Chunks were distributed across all 3 shards just about equally. +++++++++++++++++++++++++++++++++++++++++++++++++++++++++++++++

Then I have moved the dump file to a new cluster and executed "mongorestore" of this dump file on new 2-shard cluster. The size of this database is now only 80 GB. I guess this is expected (the compact action). But here is my problem: on new 2-shard cluster, executing command "sh.status()" does not show any CHUNKS for this database. My mongorestore command was like this:

mongorestore -u root -p newpass123 --authenticationDatabase admin --verbose /data/db/backups/new_dir/mydumpfile

++++++++++++++++++++++++++++++++++++ There was no error in execution of this mongorestore command. The actual output of the SH.STATUS() is shown below:

mongos> sh.status() --- Sharding Status --- sharding version: { "_id" : 1, "version" : 3, "minCompatibleVersion" : 3, "currentVersion" : 4, "clusterId" : ObjectId("52efaaa0a83668acafc3bcb0") } shards: { "_id" : "sh1", "host" : "sh1/hfdvmprmongodb1:27000,hfdvmprmongodb2:27000" } { "_id" : "sh2", "host" : "sh2/hfdvmprmongodb1:27001,hfdvmprmongodb2:27001" } databases: { "_id" : "admin", "partitioned" : false, "primary" : "config" } { "_id" : "test", "partitioned" : false, "primary" : "sh1" } { "_id" : "pricing", "partitioned" : true, "primary" : "sh2" } { "_id" : "mokshapoc", "partitioned" : true, "primary" : "sh1" }

mongos> isBalancerRunning() Tue Feb 4 11:09:39.242 ReferenceError: isBalancerRunning is not defined mongos> sh.isBalancerRunning() true

++++++++++++++++++++++++++++++++++++++++++++++++++++ So, i have fully completed mongorestore and no CHUNKS shown for 80 GB database (that used to be 600 GB database at the time of the mongodump execution)

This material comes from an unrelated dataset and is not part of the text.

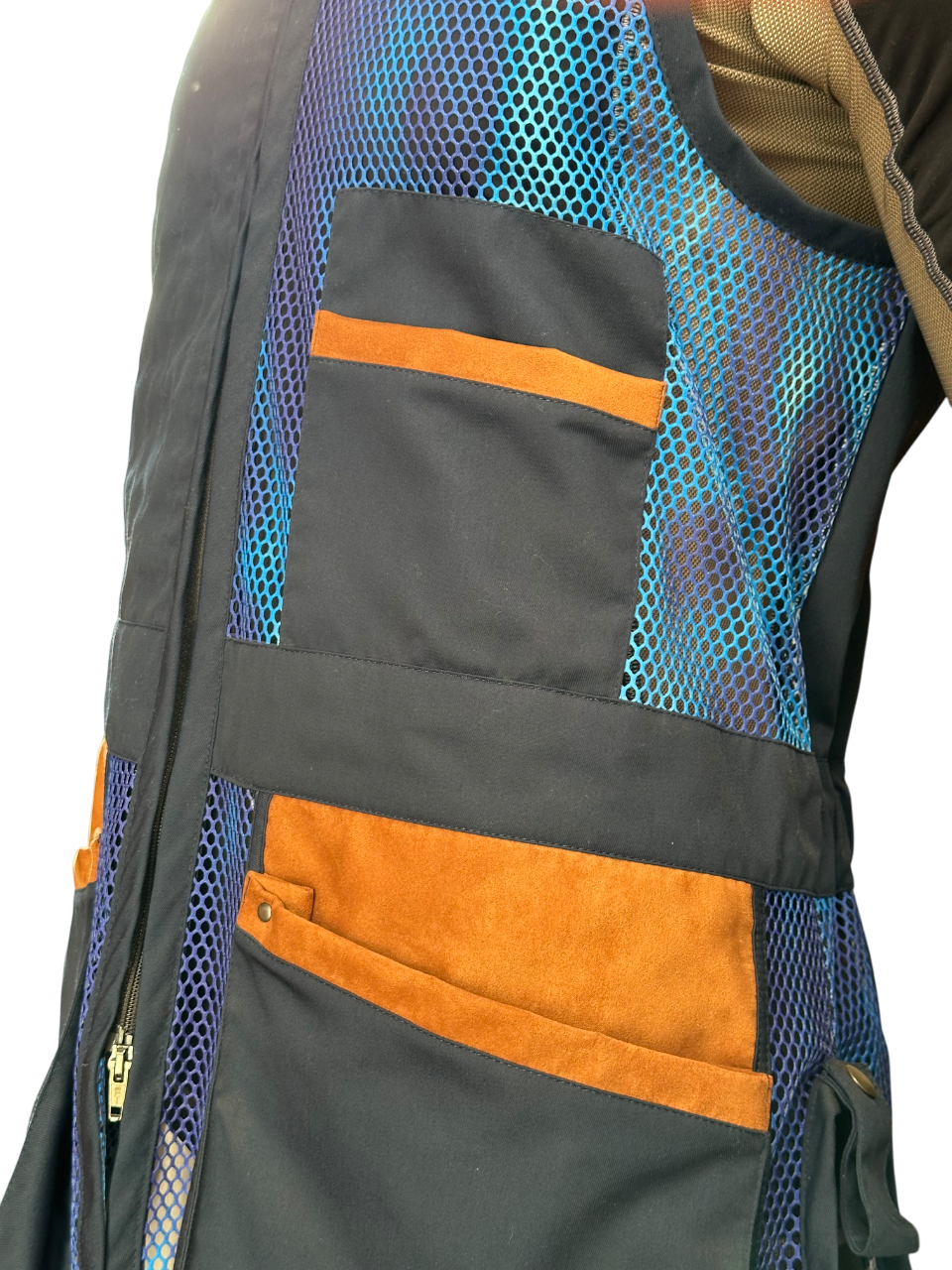 Dettaglio delle tasche del gilet da tiro K98 K11 Trap Basic Blu, praticità per il tiratore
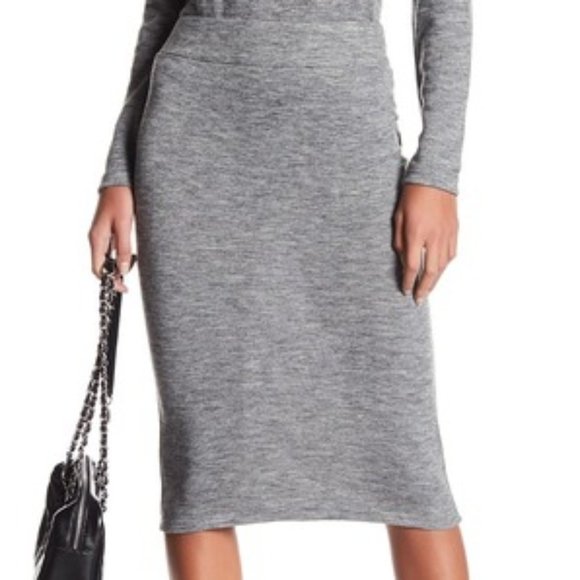 free press Dresses & Skirts - 🦋Free Press Cozy Gray Heathered Knit Pencil Skirt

I am very much confused by the fact that I do not see any chunks. (the size was expected to be smaller and it is much smaller)

version on both clusters is the same: MongoDB shell version: 2.4.6

Thank you, vr

1
I'm not near being a mongodb expert. Just it seems to me that I heard somewhere that splits are triggered by inserts. Try inserting a new doc into your sharded collection. May be that'll help.facha
I'm suspicious that you restored to a different database than you're checking the status of. Please edit question to include invoking mongo or mongos and subsequent command so we see which db you're attaching to.Kevin J. Rice
To respond on the comment from Kevin J. Rice (see just above), I would like to clarify that the database name in the mongodump and in the mongorestore was exactly the same. However, i have to be compliant with corporate policy and i have removed the actual database name and the username/password information from the initial post. Sorry if this created any confusion. Thank you for your input and help. VRvrdba
Had you already created and sharded your target database & collections before running the mongorestore? mongorestore does not change any sharding options for the target database, so the lack of chunks may be because your target isn't sharded.Stennie
@vrdba, the dump created by mongodump doesn't reflect the chunks or the distribution of data. If you want to distribute the data to shards when restoring the dump to a sharded cluster, you must shard the collection before running mongorestore. You can find more information here: docs.mongodb.org/manual/tutorial/…Linda Qin

1 Answers

3
votes

mongodump dumps out the data and indexes for all the collections in a database (or databases if you are dumping many). It does not dump any metadata other than indexes, which means that if you restore a dump into a sharded collection, it will be sharded (split into chunks, balanced). If you restore data into an unsharded collection, then it will stay unsharded.

Whether the dump came from sharded collection does not matter, since that information stays with the cluster and does not go with the data.